Defendant’s Rule 29.15 appeal claims ineffective assistance of counsel because available witnesses were not called. Defendant claims the witnesses, if called, would have provided evidence from which the jury could have found someone else had the deceased’s ear shortly after the killing. Thomas Crimi was murdered as he sat in his car in front of his home in Jennings. At 3:50 a.m., a neighbor saw Crimi’s body being shoved out of his car. The neighbor could not identify who then drove away in his car. An hour and ten minutes later, at 5:00 a.m., a security guard at St. Louis University stopped an attack on three women. The attacker ran to a car, which was identified as the one driven away from Thomas Crimi’s home. The guard identified the defendant as the attacker. Movant alleges the three women would have testified a man driving the victim’s car attacked them, but the attacker was not defendant. Movant contends this would have provided him with a reasonable doubt defense.

In State v. Twenter, 818 S.W.2d 628, 639-640 (Mo. banc 1991), the Missouri Supreme Court held:

To establish a claim of ineffective assistance of counsel for failing to locate and interview witnesses, the defendant must show not only that the witnesses could have been located through reasonable investigation, but it must also be shown that the witnesses would testify if called, and that the testimony would have provided a viable defense.

In State v. Blankenship, 830 S.W.2d 1, 16 (Mo. banc 1992), the Missouri Supreme Court held:

In order to be entitled to an evidentiary hearing, a movant must 1) cite facts, not conclusions, which, if true, would entitle movant to relief; 2) the factual allegations must not be refuted by the record; and 3) the matters complained of must prejudice the movant. An evidentiary hearing is not required if the motion court determines that the motion and the 'files and records of the case conclusively show that the mov-ant is entitled to no relief. Rule 29.15(g). Appellate review of a motion court’s action is limited to a determination of the findings and conclusion of whether the motion court are clearly erroneous. Rule 29.15(j).

We focus on whether movant was prejudiced by the motion court’s denial of an evidentiary hearing. Here, movant alleges testimony by the three women would have refuted testimony by the St. Louis University security guard. That is true if the women would confirm that allegation at a hearing. At a lineup, the guard identified movant as the man who fled in the victim’s car after attacking the three women. If no additional evidence linked movant to the murder, the failure to offer available witnesses to prove the guard’s identification was mistaken could be prejudicial ineffective assistance.

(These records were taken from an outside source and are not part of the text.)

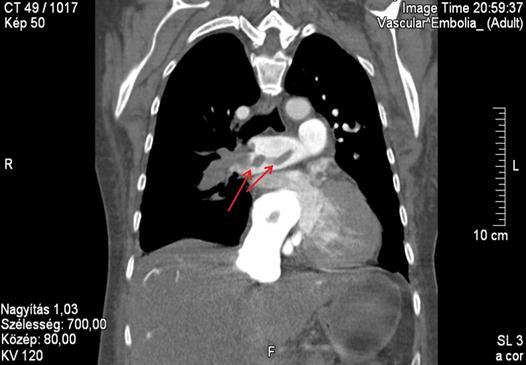 mellkasi CT vizsgálatot, melyen kétoldali kisebb, lebenyágakat érintő tüdőembolia igazolódott. 5.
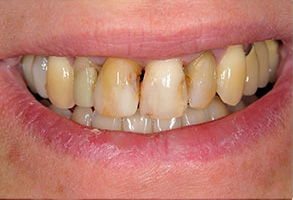Before and After Dental Bleaching in Newark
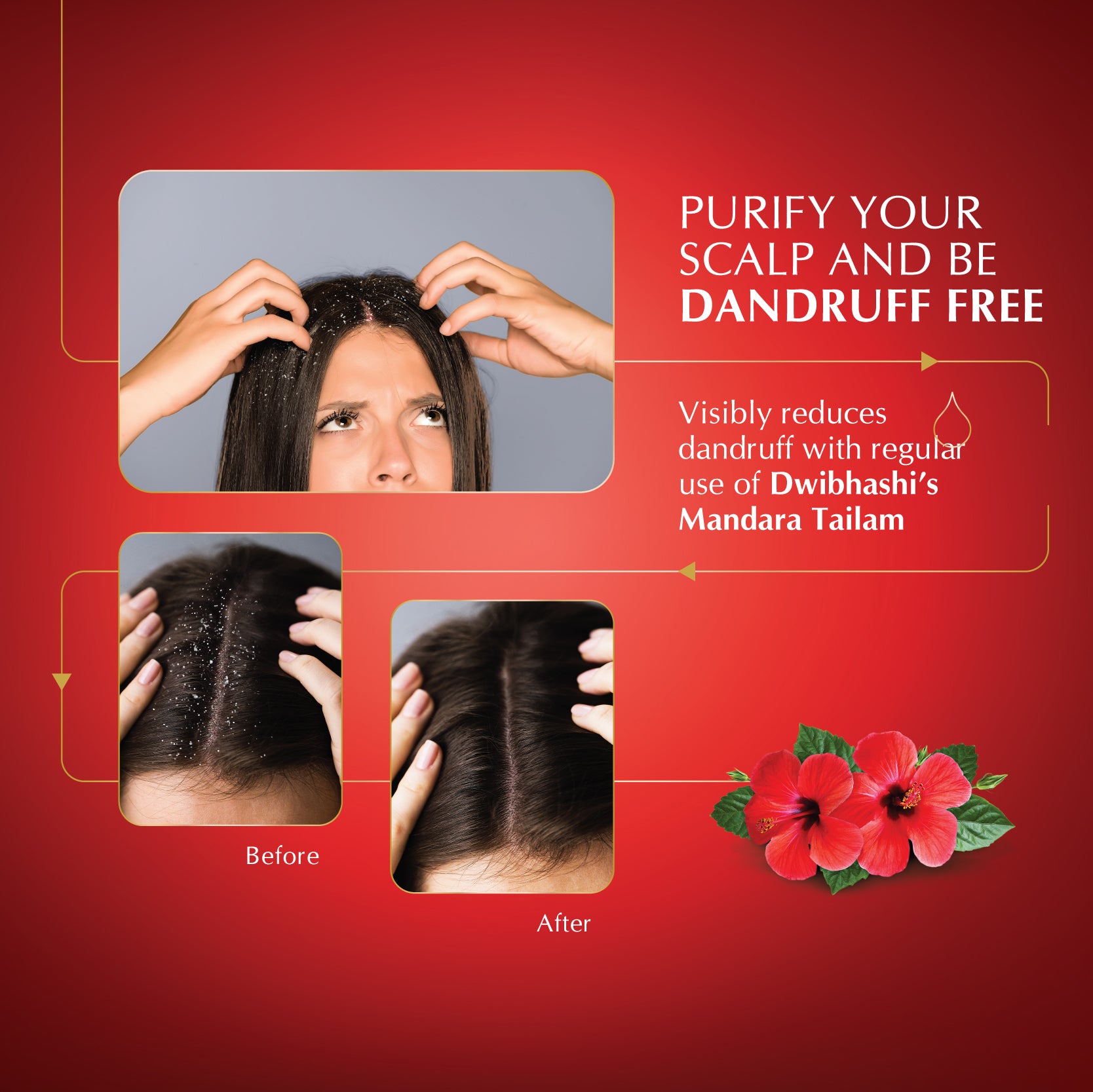 Mandara Tailam | Improves Hair Growth, Anti-Hairfall, Cures Dandruff | Hibiscus Oil| 100ml | 200ml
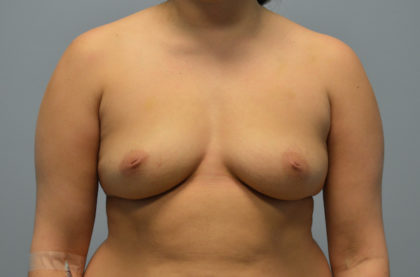 Breast Augmentation Before & After Patient #3225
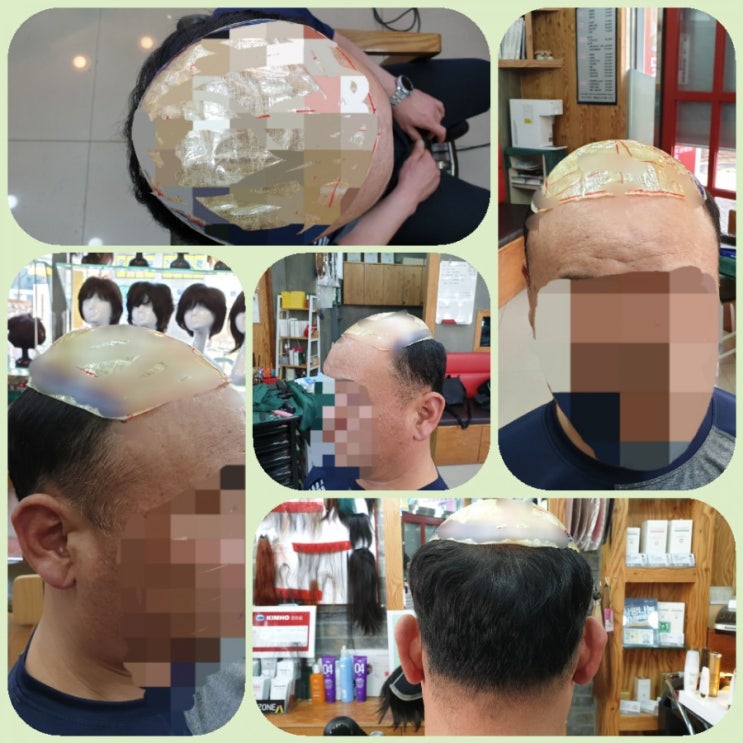  춘천가발 김호증모 이은주헤어살롱 군인고정식가발 본뜨기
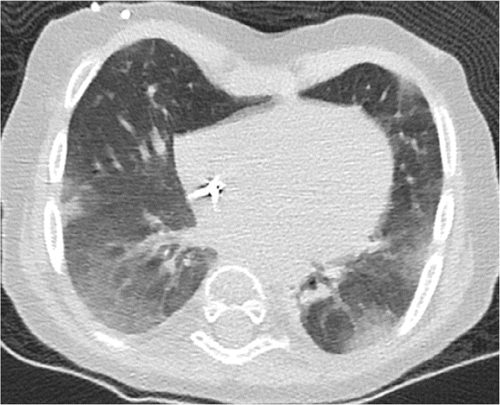 Figure 5- A 21-month-old female with Hurler’s disease status post bone marrow transplant and positive COVID-19 RT-PCR test who presented with fever and respiratory distress. Axial lung window CT image shows bilateral peripheral and subpleural ground-glass opacities, which are typical CT findings in pediatric COVID-19. Courtesy: Radiology: Cardiothoracic Imaging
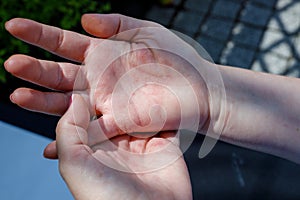 Woman scratching itchy hand, Concept, Atopic dermatitis, Red hands, Dermatological problem photo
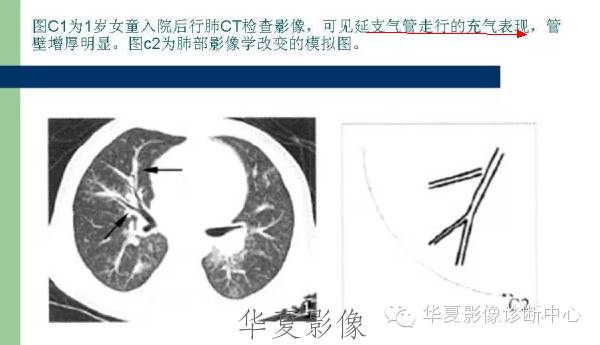 【病例】支原体肺炎1例CT影像表现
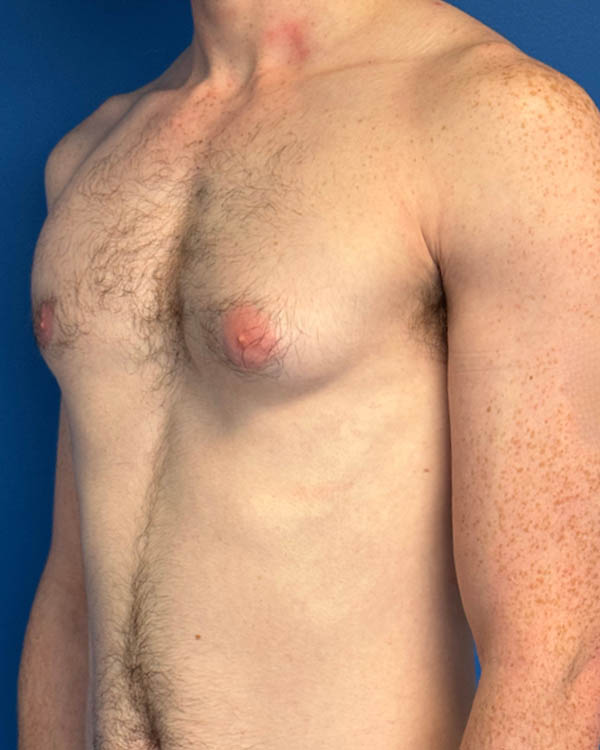 Gynecomastia case #4097
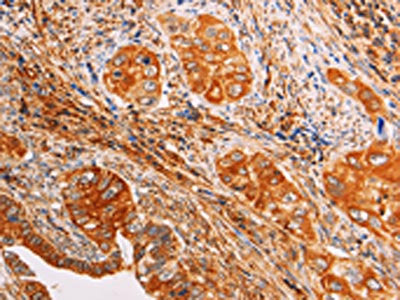 The image on the left is immunohistochemistry of paraffin-embedded Human cervical cancer tissue using SLC25A4 Antibody(SLC25A4 Antibody) at dilution 1/40, on the right is treated with synthetic peptide. (Original magnification: ×200)Rabbit anti-Human SLC25A4 Polyclonal Antibody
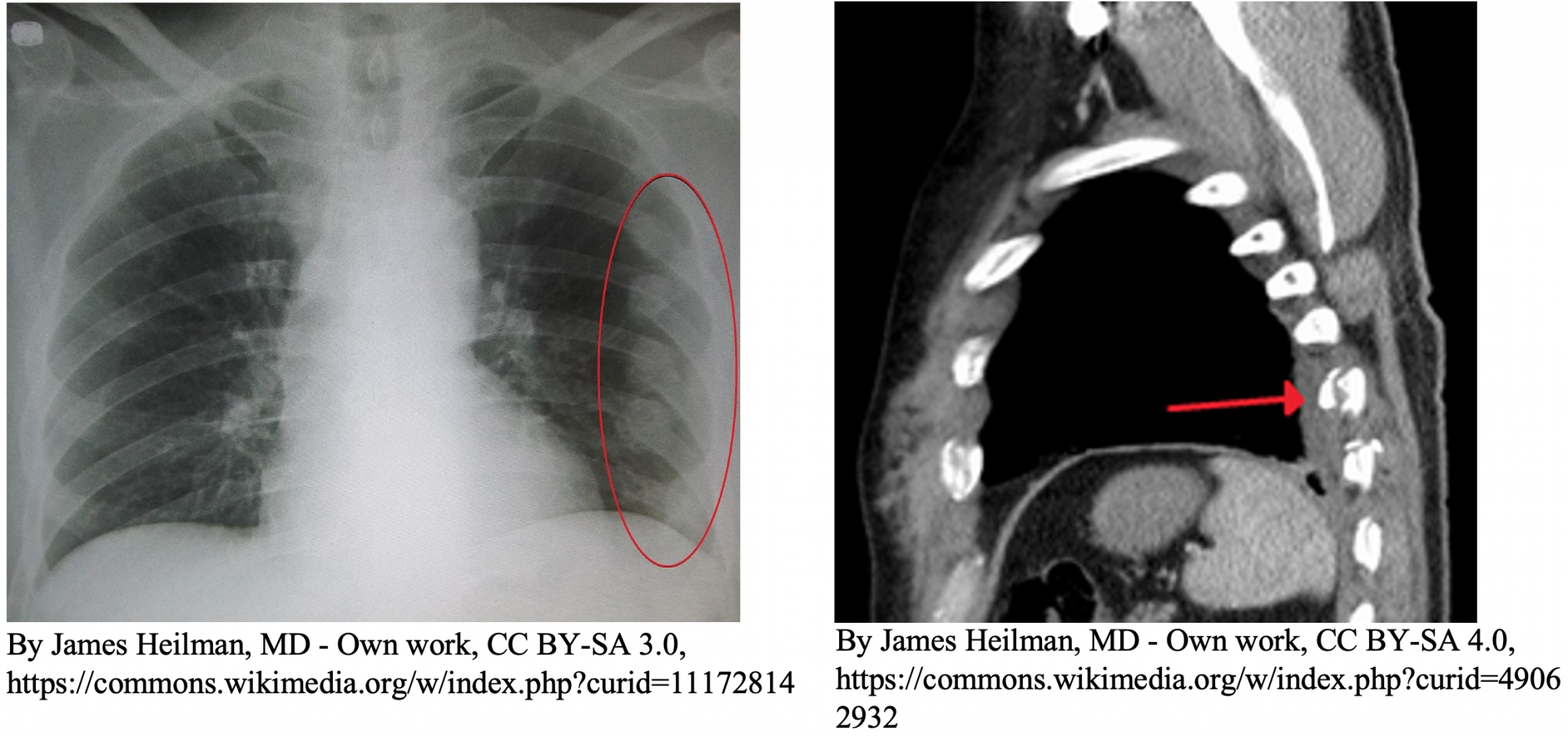Emergency Medicine EducationEM3AM Rib Fractures emDOCs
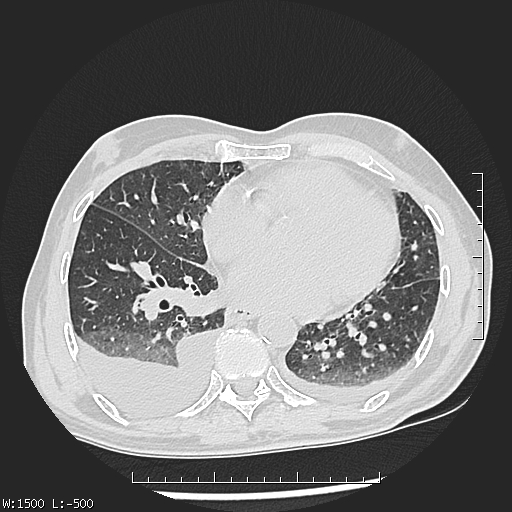 File:Aspergilloma (Radiopaedia 75184-86270 Axial lung window 33).jpg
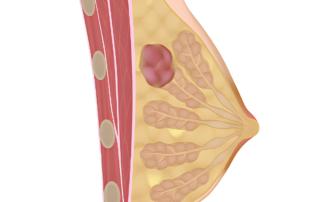 Lipoma Mamario: Síntomas, Causa y Tratamiento |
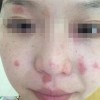 女性怎样的预防皮肤过敏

However, here, substantial direct evidence supported a finding movant murdered Thomas Crimi: 1) Michael Harris’ testimony that movant told him he “tripped — ripped off a white guy” the night before; and 2) testimony by Michael Boyd, a cellmate, that movant told him they had nothing on him on this charge because he was wearing gloves. There were also the inferences from defendant’s possession of decedent’s car. The verdict did not rest or fall on the guard’s identification. Nor would the testimony of the three women provide movant with a full, viable defense. If they identified another man with the ear at 5:00 a.m., that would not be alibi testimony for an event at another location at 3:50 a.m. At most, it would support a reasonable doubt argument. In view of the other evidence of guilt, the failure to call the three women to testify about a matter which would not offer a defense was not prejudicial ineffective assistance.

The motion court found defendant’s counsel did not call the three women as witnesses based on trial strategy. The basis for the court’s ruling is questionable as no evidentiary hearing was held and there is no apparent reason to support that conclusion. Nevertheless, the result reached is correct. The Rule 29.15 order is affirmed.

Affirmed.

REINHARD, P.J., and GRIMM, J., concur.